## INFORMATION GIVEN
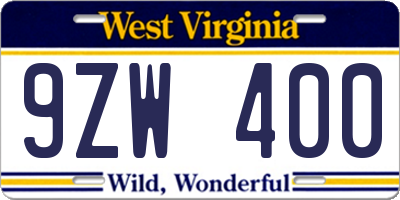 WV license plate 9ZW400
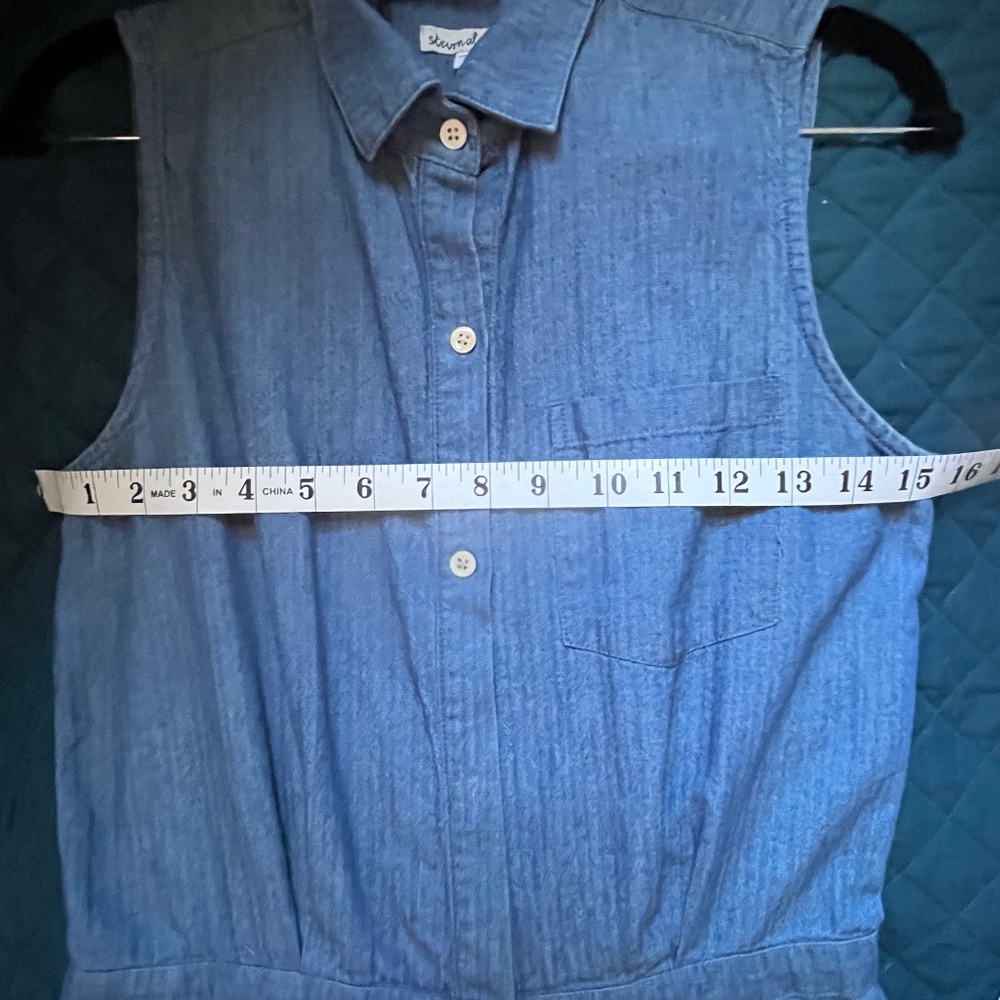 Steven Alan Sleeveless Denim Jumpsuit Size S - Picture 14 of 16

==

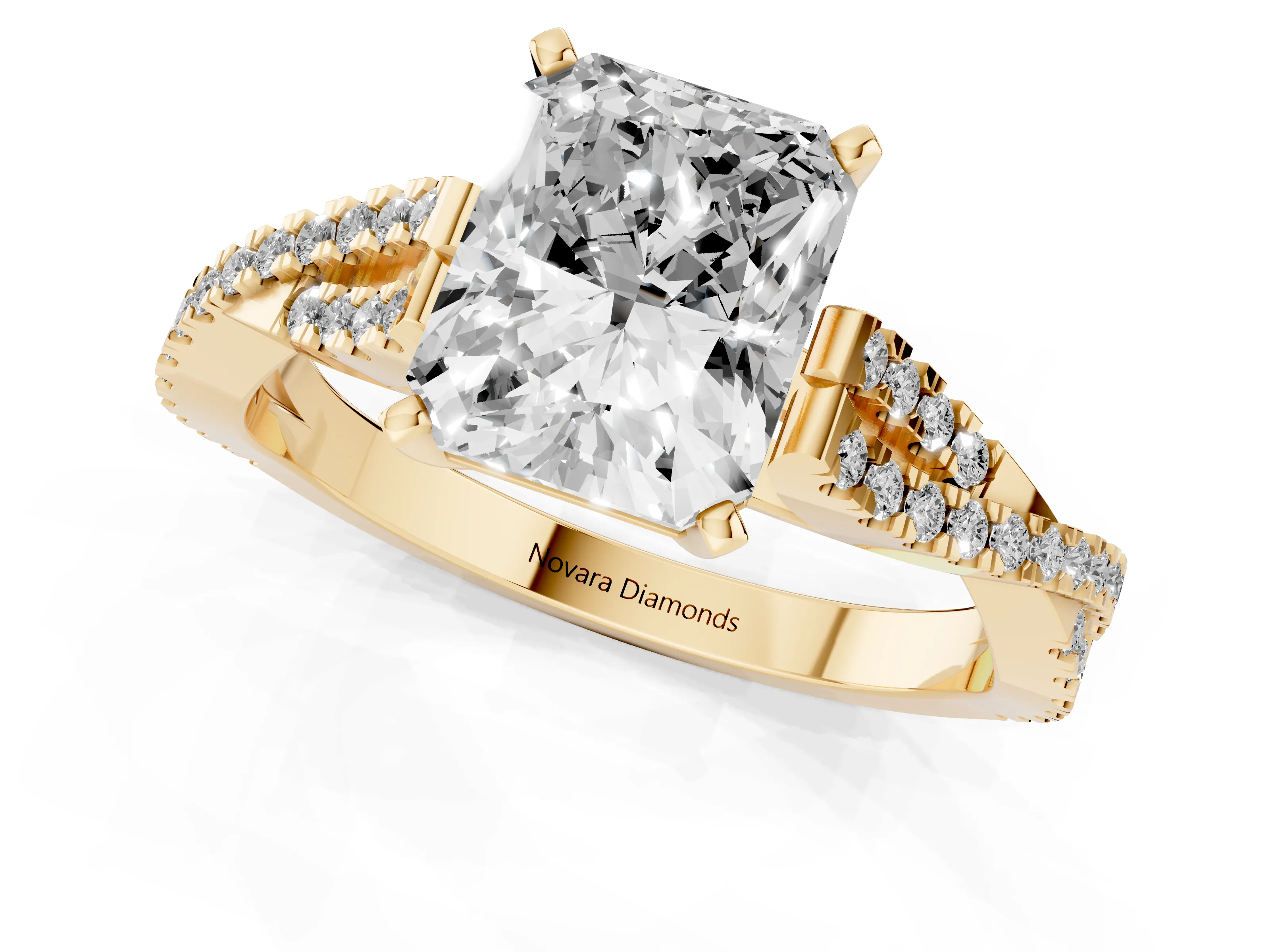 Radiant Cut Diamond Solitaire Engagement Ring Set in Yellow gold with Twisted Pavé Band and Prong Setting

---

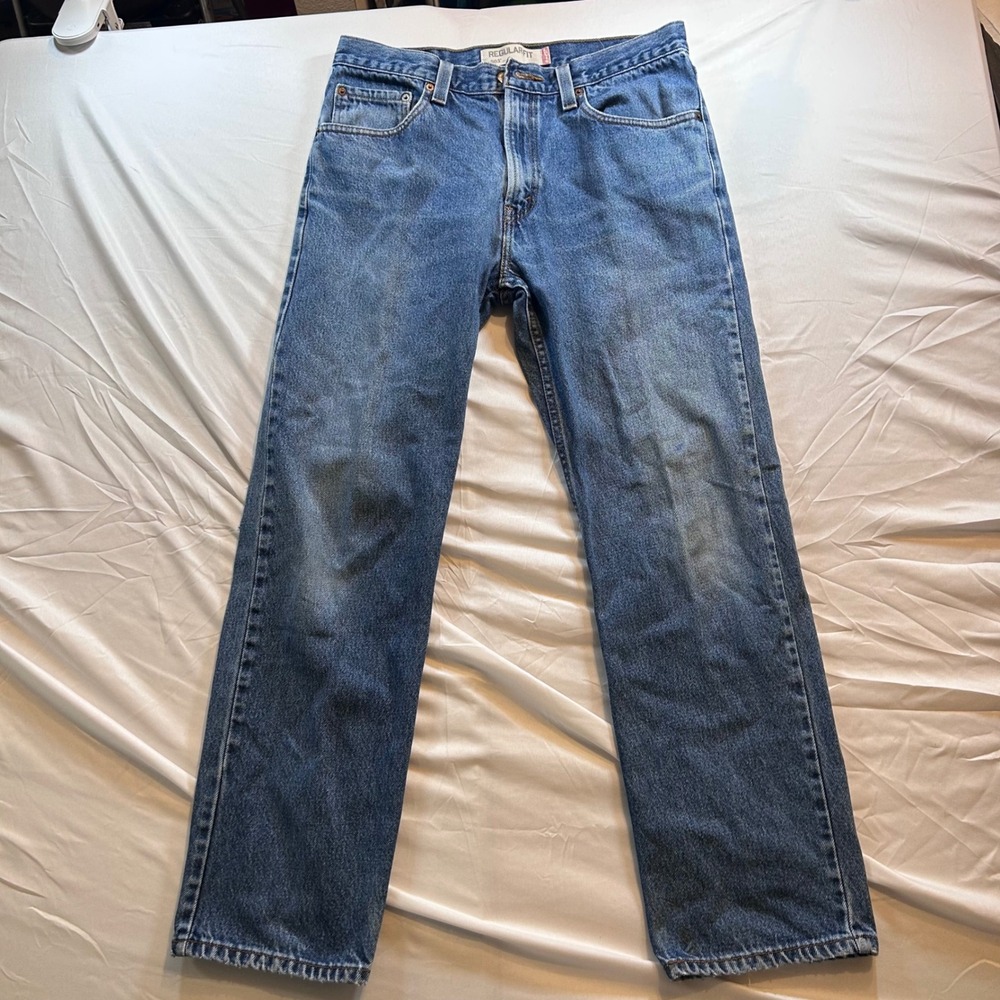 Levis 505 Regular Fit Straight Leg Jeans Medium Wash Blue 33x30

## PROBLEM
Now transcribe the lines above exactly, starting at the line containing "WV license plate 9ZW400" and ending at the line containing "Steven Alan Sleeveless", both lines included, pictures excluded.

## WRITTEN RESPONSE
 WV license plate 9ZW400
 Steven Alan Sleeveless Denim Jumpsuit Size S - Picture 14 of 16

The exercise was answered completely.